Bitcoin Suisse erhält Lizenz auf Bermuda – Ausbau des
Die Schweizer Kryptobank sichert sich unter der Bermuda Monetary Authority eine Lizenz für Vermögensverwaltung. Institutionelle Kunden außerhalb der Schweiz stehen im Fokus.
Veröffentlicht
13. Mai 2026

Die Bitcoin Suisse Group baut ihre internationale Präsenz aus. Die Tochtergesellschaft Bitcoin Suisse (International) Ltd. hat von der Bermuda Monetary Authority (BMA) eine Class-F-Lizenz nach dem Digital Asset Business Act sowie eine Class-B-Registrierung nach dem Investment Business Act 2003 erhalten. Damit darf das Unternehmen professionellen und institutionellen Kunden außerhalb der Schweiz regulierte Dienstleistungen in der digitalen Vermögensverwaltung und Anlageberatung anbieten.

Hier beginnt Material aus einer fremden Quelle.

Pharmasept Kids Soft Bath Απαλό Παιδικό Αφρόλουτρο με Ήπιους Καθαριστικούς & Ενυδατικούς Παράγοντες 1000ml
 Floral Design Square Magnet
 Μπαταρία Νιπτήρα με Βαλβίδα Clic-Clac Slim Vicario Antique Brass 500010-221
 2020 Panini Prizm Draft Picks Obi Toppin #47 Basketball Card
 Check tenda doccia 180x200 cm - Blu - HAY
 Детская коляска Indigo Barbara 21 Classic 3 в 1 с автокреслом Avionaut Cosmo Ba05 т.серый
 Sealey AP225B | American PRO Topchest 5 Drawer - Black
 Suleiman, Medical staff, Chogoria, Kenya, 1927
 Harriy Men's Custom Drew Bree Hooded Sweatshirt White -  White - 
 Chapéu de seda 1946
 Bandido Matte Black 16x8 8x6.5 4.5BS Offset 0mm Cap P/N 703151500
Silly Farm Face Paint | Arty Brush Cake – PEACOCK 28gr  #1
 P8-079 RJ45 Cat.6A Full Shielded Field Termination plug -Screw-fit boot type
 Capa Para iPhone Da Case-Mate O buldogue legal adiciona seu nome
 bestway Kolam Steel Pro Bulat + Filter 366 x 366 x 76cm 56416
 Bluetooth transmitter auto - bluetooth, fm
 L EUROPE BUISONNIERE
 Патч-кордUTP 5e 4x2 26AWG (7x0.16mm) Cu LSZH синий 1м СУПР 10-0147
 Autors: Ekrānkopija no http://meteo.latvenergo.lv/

Die Genehmigung erfolgte zunächst auf voroperativer Basis. Das bedeutet, dass Bitcoin Suisse vor Aufnahme der Geschäftstätigkeit noch bestimmte übliche Auflagen erfüllen muss. Dennoch markiert der Schritt einen Meilenstein in der Internationalisierungsstrategie der Gruppe.
Aufbau einer globalen Wealth-Management-Plattform
„Institutionelle Anleger betrachten digitale Vermögenswerte zunehmend als festen Bestandteil ihrer Portfolios“, sagte Andrej Majcen, Mitgründer und Konzernchef von Bitcoin Suisse. „Sie brauchen einen Partner, der tiefe Krypto-Expertise mit den Governance- und Regulierungsstandards verbindet, die sie aus traditionellen Finanzdienstleistungen kennen. Die BMA-Zulassung ist ein wichtiger Schritt auf dem Weg zu einer globalen Wealth-Management-Plattform.“
Bitcoin Suisse (International) Ltd. mit Sitz in Hamilton (Bermuda) ist eine hundertprozentige Tochter der BTCS Holding Ltd. und wird nicht kustodial arbeiten. Stattdessen setzt das Unternehmen auf Partnerschaften mit regulierten Verwahrstellen und Bankpartnern, um institutionelle Sicherheitsstandards zu gewährleisten. Die Anlageentscheidungen stützen sich auf ein eigenes Research-Team sowie den proprietären Crypto Analysis Framework und die Global Crypto Taxonomy – ein Klassifikationssystem für rund 600 digitale Vermögenswerte aus sechs Sektoren, das auf über einem Jahrzehnt Krypto-Research basiert.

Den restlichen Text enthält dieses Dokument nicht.